I love your ending question. The assumption is that one WANTS to pierce the darkness in order to...know true tragedy? truth thru tragedy?...maintain the integrity of the victim(s) by, for instance, resisting representations of the experience employed for inappropriate ends?

Perhaps the rationale points to the method.

I tend to think about the political rhetoric. The lead up to the Iraq war relied heavily on the competition to equate the current situation as "Vietnam" or "The Holocaust." So investigating the actual event suspends the urge to appropriate real history into current debates. Yet too much investigation may delay our ability to draw lessons for ethical action. Prudence, Phronesis, is the virute which balances these.

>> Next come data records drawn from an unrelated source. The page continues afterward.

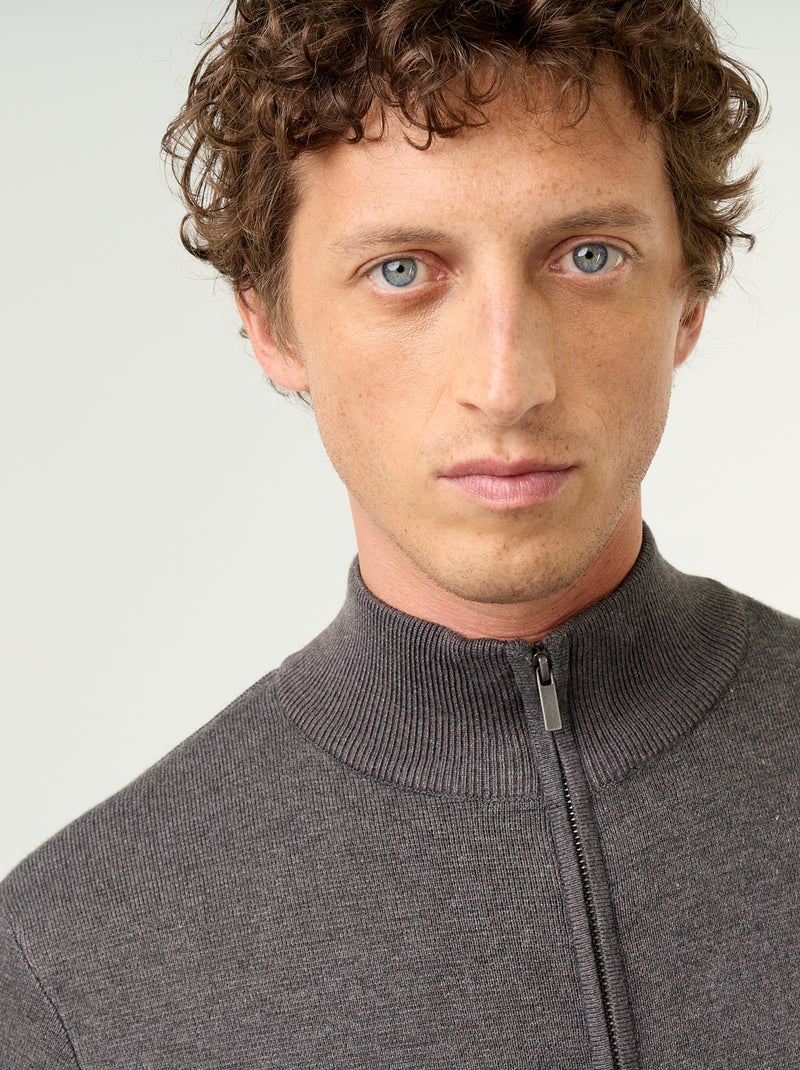 Stehkragen-Gilet mit Reissverschluss Gris - Kiabi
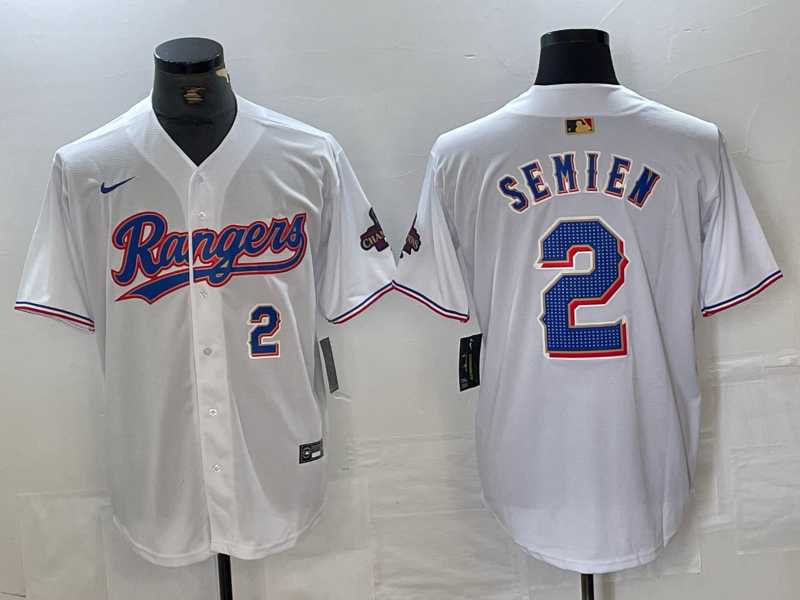 Men's Texas Rangers #2 Marcus Semien Number White 2023 World Series Champions Cool Base Jersey,We sell and wholesale Men's Texas Rangers #2 Marcus Semien Number White 2023 World Series Champions Cool Base Jersey on line form chian!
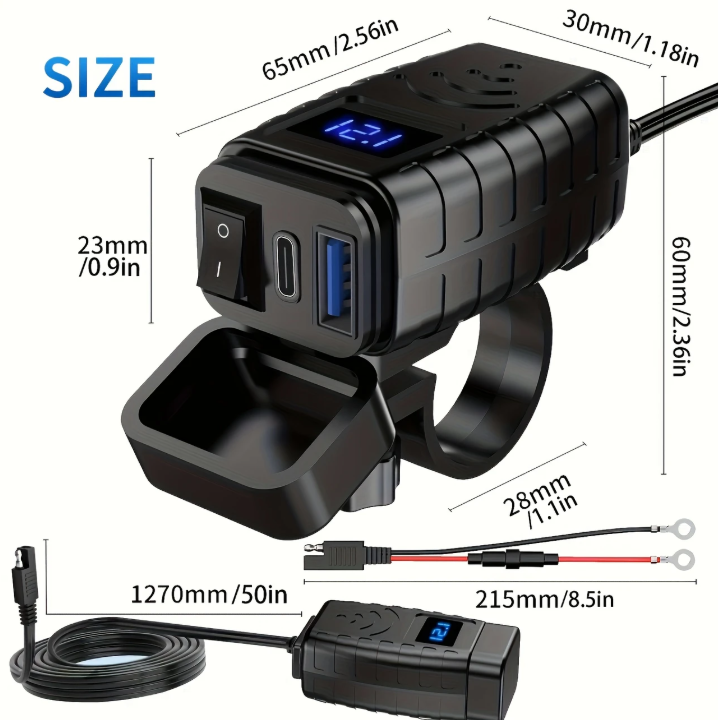 Chargeur de Téléphone pour Guidon de Moto - Jauge de tension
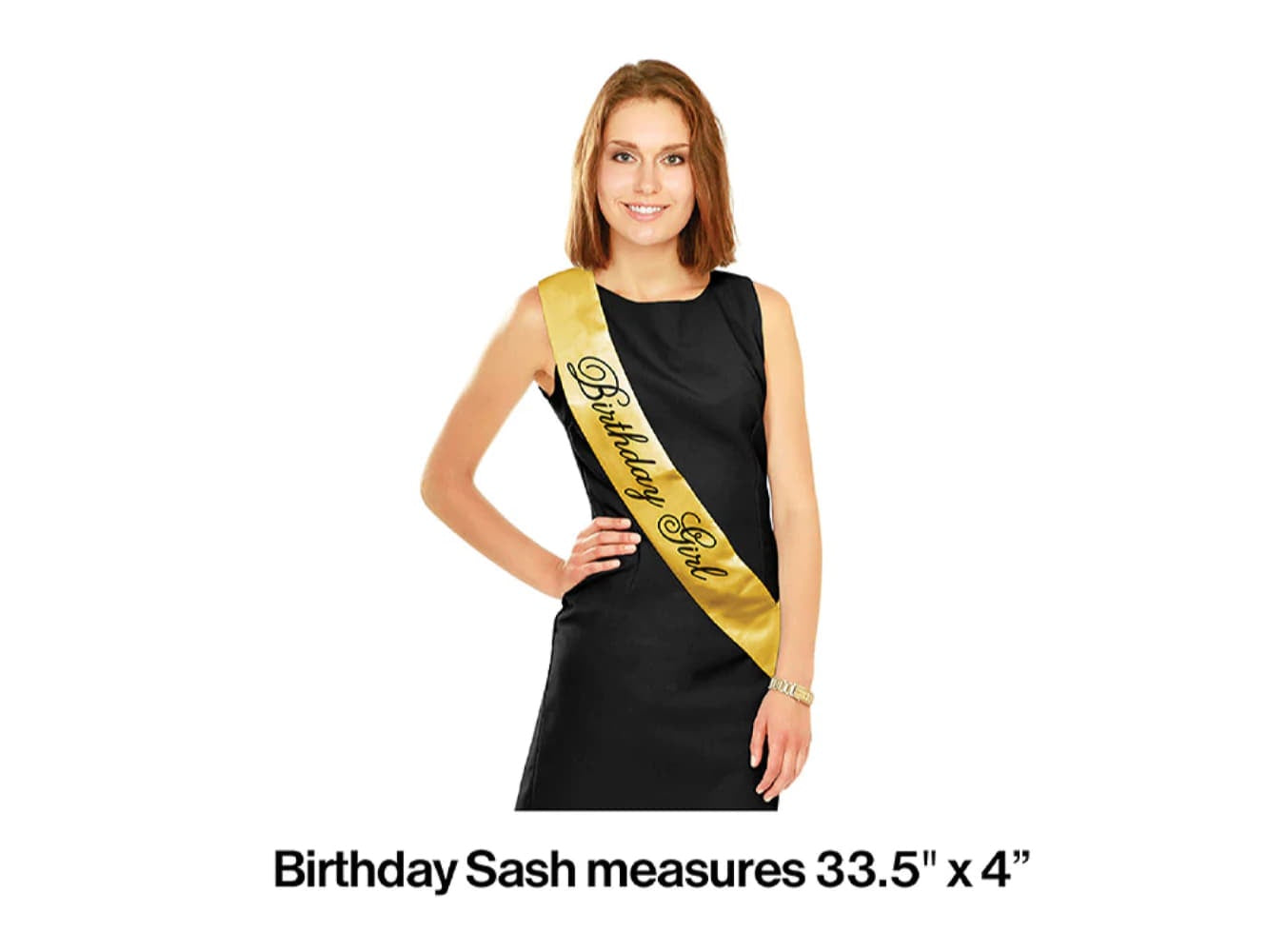 Black & Gold Birthday Girl Sash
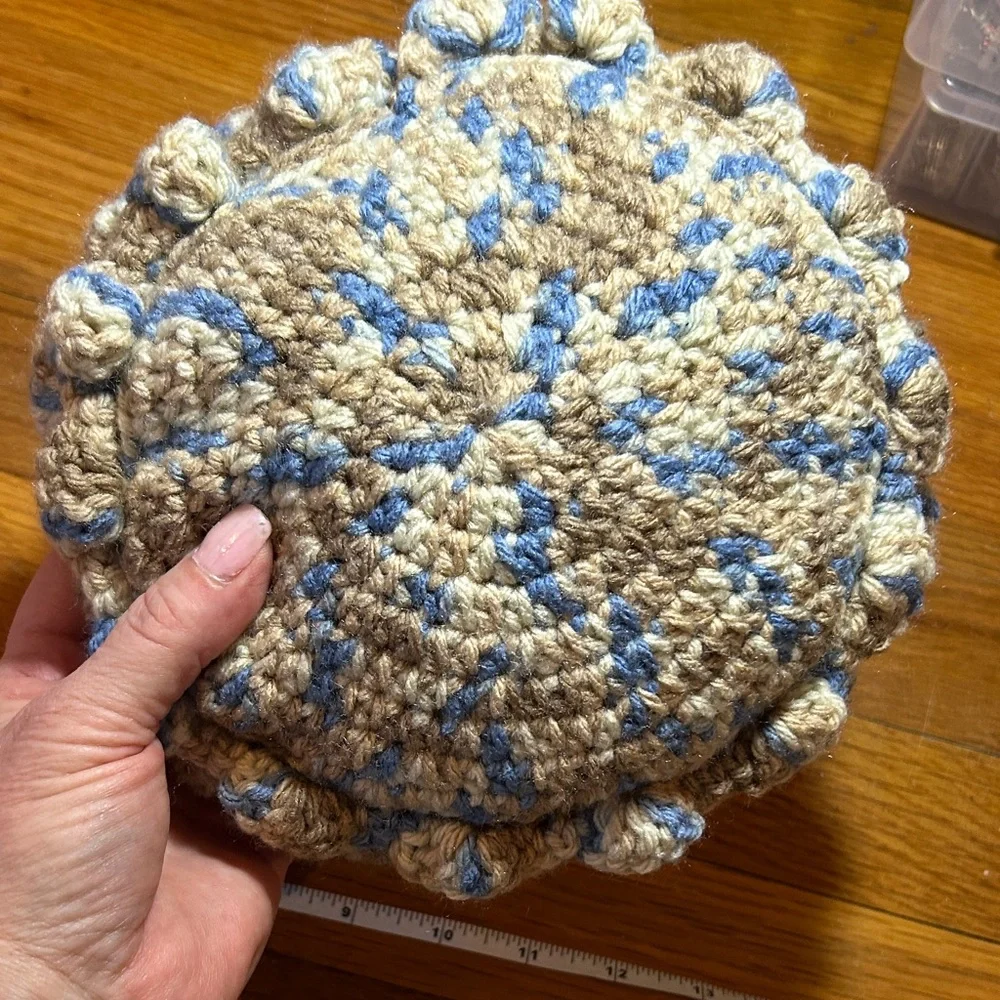 New Handcrafted Crochet Heart and Flower Pillows  Set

For a different take, I'm thinking of Rene Girard and the sacrificial narratives that make culture. (Monica, did you come across Sander Goodheart at Purdue?). Everything I try to type in 3 sentences seems unable to capture the connection. I'll just say Girard's mimetic theory is devoted to appreciating the victims voice as it becomes concealed through ritual honoring of those victims.

Anonymous said...

It was extremely interesting for me to read the blog. Thanx for it. I like such topics and everything connected to this matter. I would like to read more on that blog soon.

Monica said...

Anonymous--I like the idea that we are perhaps in the blind spot because it goes along with the notion that the trauma of the Holocaust is ongoing. But I don't know that it means that authentic witnessing is "no longer possible," but rather that it was/is never possible. The closest we can come is acknowledging our own inability to "witness" the event.